Information provided:
####

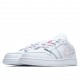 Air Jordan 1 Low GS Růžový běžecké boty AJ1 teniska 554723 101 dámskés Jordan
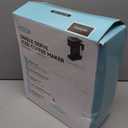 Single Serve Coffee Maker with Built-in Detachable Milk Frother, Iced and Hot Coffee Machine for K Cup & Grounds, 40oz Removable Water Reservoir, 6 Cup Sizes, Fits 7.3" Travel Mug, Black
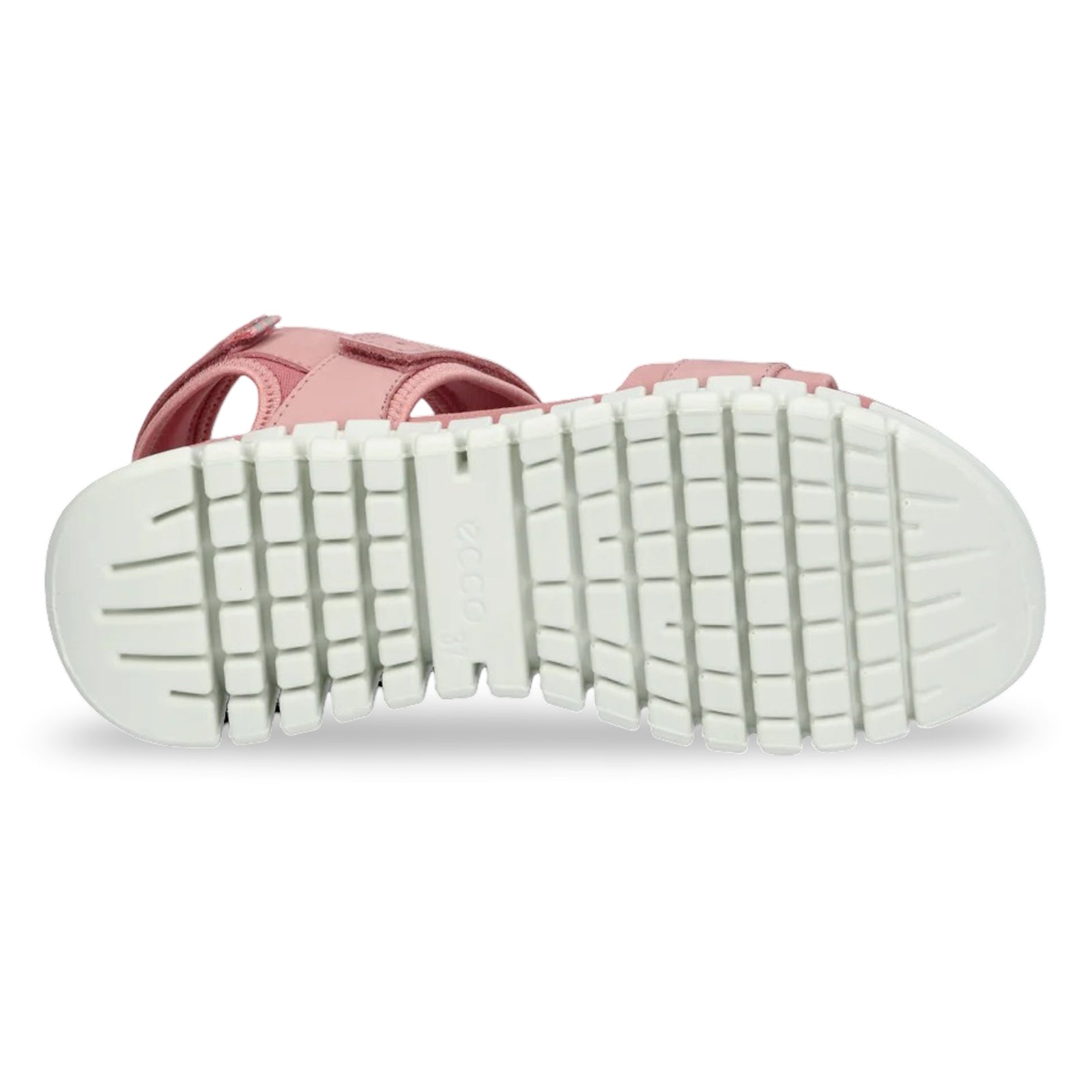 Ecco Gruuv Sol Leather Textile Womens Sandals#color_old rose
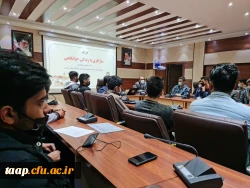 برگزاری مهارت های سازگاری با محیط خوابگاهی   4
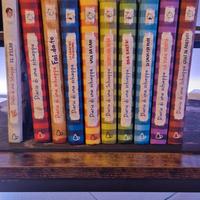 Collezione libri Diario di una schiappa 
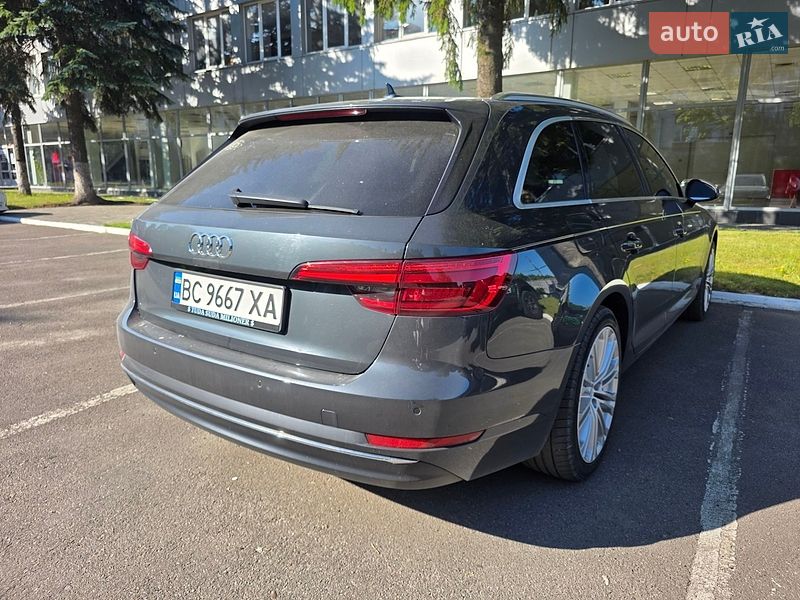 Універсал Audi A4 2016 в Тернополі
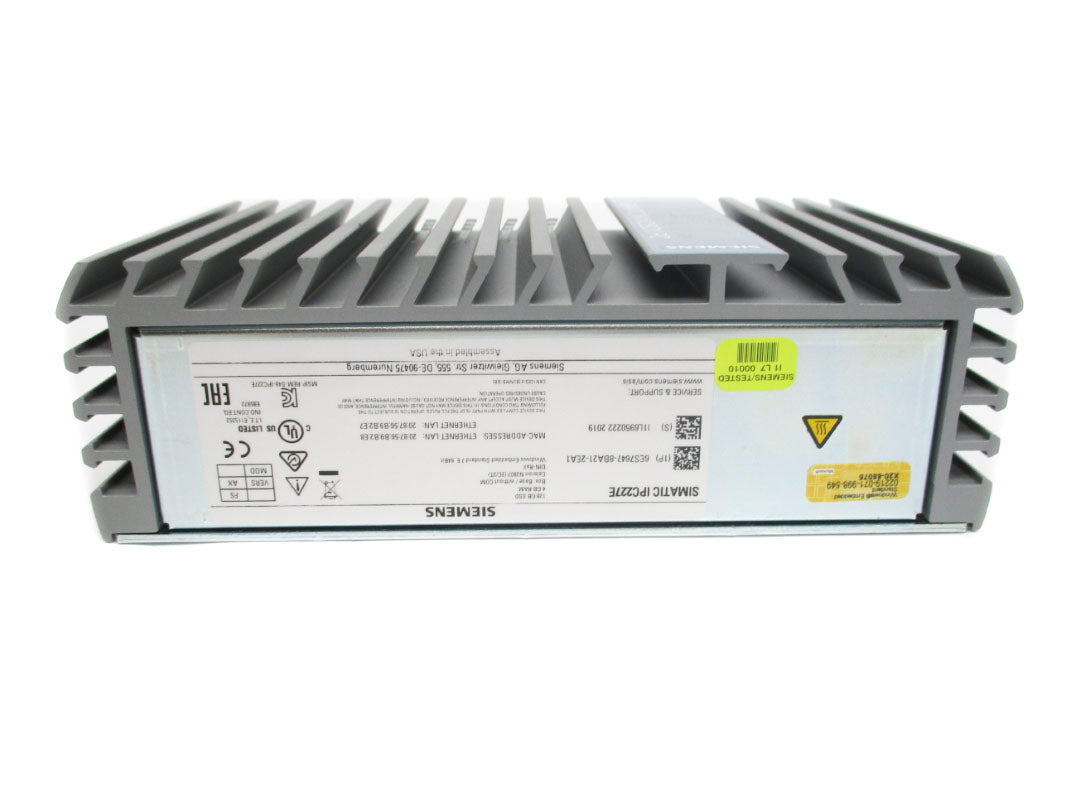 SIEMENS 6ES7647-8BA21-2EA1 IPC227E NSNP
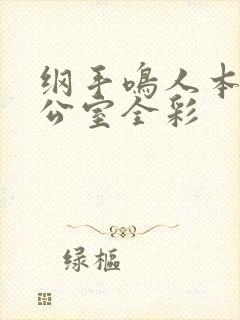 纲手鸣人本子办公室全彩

####

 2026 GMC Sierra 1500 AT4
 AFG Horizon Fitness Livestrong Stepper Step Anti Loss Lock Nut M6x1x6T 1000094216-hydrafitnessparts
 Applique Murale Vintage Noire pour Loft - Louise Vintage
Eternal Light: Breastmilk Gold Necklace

####

Work required: Return exactly the lines above, from the one with "Універсал Audi A4 2016 в Тернополі" up to and including the one with "纲手鸣人本子办公室全彩", and include no pictures.

Solved problem:
 Універсал Audi A4 2016 в Тернополі
 SIEMENS 6ES7647-8BA21-2EA1 IPC227E NSNP
 纲手鸣人本子办公室全彩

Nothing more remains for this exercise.